» **Data for this task**:
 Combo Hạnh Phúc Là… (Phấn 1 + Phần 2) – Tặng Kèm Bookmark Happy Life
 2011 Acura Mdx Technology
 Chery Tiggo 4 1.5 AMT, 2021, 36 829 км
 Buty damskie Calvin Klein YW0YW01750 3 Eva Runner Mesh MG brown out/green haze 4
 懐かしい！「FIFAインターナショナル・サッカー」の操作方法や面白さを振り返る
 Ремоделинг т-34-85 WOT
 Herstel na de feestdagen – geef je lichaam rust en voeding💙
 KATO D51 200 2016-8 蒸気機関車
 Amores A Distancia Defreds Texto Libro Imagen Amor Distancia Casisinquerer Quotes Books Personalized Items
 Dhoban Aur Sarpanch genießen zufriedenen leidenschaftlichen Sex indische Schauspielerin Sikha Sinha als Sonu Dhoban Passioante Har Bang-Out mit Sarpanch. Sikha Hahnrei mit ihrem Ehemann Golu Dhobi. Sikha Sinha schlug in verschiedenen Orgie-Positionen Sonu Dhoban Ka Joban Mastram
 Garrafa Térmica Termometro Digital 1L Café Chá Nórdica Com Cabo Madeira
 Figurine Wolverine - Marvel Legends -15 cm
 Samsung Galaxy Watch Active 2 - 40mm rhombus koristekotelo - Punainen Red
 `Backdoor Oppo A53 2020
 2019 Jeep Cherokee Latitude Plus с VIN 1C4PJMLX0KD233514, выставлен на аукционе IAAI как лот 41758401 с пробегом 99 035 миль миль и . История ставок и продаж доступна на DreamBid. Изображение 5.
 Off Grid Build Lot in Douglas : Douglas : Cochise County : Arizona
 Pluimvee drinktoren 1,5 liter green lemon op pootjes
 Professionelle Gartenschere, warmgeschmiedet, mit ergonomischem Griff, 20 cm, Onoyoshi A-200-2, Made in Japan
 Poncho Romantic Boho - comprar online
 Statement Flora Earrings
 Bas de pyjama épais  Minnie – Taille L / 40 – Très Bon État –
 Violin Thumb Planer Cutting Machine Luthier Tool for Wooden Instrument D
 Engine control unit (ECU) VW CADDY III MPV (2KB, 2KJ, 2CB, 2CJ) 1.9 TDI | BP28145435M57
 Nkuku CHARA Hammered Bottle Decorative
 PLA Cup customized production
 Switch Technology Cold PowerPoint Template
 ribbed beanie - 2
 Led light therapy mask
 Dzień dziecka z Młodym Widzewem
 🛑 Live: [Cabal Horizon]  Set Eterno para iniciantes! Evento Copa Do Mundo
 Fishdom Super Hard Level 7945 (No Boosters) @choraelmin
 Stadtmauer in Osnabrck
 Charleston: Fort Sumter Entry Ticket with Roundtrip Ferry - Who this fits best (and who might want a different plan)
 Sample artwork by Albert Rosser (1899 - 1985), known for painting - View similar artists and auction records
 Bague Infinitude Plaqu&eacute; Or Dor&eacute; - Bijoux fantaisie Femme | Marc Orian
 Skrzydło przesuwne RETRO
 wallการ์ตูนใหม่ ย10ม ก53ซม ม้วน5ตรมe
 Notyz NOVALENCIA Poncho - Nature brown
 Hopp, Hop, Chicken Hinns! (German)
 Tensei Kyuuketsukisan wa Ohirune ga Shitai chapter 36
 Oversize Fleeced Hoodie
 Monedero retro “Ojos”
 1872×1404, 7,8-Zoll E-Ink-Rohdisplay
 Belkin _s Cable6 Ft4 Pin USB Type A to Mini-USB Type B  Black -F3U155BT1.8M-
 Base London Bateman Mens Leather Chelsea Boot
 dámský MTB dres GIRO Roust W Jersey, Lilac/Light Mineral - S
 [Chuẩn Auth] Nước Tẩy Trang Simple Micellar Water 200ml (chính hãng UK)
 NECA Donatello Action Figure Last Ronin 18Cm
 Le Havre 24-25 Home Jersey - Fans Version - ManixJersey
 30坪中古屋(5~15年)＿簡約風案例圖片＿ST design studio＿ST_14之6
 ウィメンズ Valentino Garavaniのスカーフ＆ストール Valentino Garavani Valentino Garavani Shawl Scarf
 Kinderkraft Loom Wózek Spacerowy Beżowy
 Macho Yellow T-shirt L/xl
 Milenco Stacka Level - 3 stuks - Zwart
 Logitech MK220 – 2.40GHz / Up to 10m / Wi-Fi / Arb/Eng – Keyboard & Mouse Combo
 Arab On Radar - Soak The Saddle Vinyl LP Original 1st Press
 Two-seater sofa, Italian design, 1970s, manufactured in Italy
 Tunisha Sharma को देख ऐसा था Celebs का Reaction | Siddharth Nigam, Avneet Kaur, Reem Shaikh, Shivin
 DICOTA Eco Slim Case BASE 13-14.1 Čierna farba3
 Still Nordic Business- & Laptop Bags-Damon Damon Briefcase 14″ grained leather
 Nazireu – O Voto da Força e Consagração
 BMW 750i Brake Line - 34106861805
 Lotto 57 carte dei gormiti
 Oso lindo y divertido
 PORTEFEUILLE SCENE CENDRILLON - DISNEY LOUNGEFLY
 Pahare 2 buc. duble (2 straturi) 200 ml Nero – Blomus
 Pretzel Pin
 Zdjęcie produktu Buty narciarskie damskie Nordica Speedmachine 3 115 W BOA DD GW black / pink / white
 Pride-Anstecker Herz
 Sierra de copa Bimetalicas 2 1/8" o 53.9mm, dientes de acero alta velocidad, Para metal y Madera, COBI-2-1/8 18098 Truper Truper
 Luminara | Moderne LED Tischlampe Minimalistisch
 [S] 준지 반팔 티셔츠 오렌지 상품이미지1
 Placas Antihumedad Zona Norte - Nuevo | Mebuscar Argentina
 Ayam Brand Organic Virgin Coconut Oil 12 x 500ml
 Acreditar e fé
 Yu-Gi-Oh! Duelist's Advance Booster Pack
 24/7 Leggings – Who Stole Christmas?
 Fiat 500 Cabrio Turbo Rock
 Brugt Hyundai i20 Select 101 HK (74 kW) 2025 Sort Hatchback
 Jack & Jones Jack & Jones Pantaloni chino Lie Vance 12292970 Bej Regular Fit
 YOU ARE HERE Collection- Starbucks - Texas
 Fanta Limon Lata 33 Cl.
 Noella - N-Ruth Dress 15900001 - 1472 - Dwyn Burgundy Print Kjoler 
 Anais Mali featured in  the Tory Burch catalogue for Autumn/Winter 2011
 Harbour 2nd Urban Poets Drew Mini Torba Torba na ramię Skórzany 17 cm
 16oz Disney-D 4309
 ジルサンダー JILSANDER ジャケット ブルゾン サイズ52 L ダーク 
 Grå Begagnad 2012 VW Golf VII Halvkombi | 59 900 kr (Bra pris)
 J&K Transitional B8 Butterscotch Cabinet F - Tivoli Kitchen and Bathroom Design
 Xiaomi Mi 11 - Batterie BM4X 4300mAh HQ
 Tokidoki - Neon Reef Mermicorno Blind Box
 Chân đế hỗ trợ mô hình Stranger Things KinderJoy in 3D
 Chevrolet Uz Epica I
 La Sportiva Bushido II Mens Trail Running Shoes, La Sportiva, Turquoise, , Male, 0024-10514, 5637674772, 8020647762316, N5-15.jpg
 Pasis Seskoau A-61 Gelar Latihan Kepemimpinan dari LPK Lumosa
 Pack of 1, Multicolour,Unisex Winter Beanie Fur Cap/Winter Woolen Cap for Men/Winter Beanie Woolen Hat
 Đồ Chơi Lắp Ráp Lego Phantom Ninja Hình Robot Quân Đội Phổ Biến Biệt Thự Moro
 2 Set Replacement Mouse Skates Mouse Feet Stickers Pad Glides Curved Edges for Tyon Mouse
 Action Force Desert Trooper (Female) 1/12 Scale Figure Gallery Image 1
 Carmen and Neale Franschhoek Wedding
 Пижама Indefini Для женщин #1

» **Work required**: Return, word for word, every line from the line with "Grå Begagnad 2012" to the final line of the data.

» **Answer for this exercise**:
 Grå Begagnad 2012 VW Golf VII Halvkombi | 59 900 kr (Bra pris)
 J&K Transitional B8 Butterscotch Cabinet F - Tivoli Kitchen and Bathroom Design
 Xiaomi Mi 11 - Batterie BM4X 4300mAh HQ
 Tokidoki - Neon Reef Mermicorno Blind Box
 Chân đế hỗ trợ mô hình Stranger Things KinderJoy in 3D
 Chevrolet Uz Epica I
 La Sportiva Bushido II Mens Trail Running Shoes, La Sportiva, Turquoise, , Male, 0024-10514, 5637674772, 8020647762316, N5-15.jpg
 Pasis Seskoau A-61 Gelar Latihan Kepemimpinan dari LPK Lumosa
 Pack of 1, Multicolour,Unisex Winter Beanie Fur Cap/Winter Woolen Cap for Men/Winter Beanie Woolen Hat
 Đồ Chơi Lắp Ráp Lego Phantom Ninja Hình Robot Quân Đội Phổ Biến Biệt Thự Moro
 2 Set Replacement Mouse Skates Mouse Feet Stickers Pad Glides Curved Edges for Tyon Mouse
 Action Force Desert Trooper (Female) 1/12 Scale Figure Gallery Image 1
 Carmen and Neale Franschhoek Wedding
 Пижама Indefini Для женщин #1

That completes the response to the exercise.